> PROBLEM REQUIREMENTS: Please return each record below exactly, with nothing left out.

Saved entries
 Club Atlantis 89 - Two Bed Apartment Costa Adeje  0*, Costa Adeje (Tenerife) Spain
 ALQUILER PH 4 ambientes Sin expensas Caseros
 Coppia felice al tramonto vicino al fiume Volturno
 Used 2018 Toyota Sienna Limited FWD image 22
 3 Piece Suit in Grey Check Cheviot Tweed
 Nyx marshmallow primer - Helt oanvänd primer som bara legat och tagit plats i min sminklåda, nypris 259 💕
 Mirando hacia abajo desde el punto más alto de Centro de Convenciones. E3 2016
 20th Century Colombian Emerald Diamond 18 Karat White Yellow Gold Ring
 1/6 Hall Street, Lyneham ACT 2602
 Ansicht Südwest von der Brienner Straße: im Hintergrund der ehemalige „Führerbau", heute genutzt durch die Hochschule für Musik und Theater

> ANSWER:
 Club Atlantis 89 - Two Bed Apartment Costa Adeje  0*, Costa Adeje (Tenerife) Spain
 ALQUILER PH 4 ambientes Sin expensas Caseros
 Coppia felice al tramonto vicino al fiume Volturno
 Used 2018 Toyota Sienna Limited FWD image 22
 3 Piece Suit in Grey Check Cheviot Tweed
 Nyx marshmallow primer - Helt oanvänd primer som bara legat och tagit plats i min sminklåda, nypris 259 💕
 Mirando hacia abajo desde el punto más alto de Centro de Convenciones. E3 2016
 20th Century Colombian Emerald Diamond 18 Karat White Yellow Gold Ring
 1/6 Hall Street, Lyneham ACT 2602
 Ansicht Südwest von der Brienner Straße: im Hintergrund der ehemalige „Führerbau", heute genutzt durch die Hochschule für Musik und Theater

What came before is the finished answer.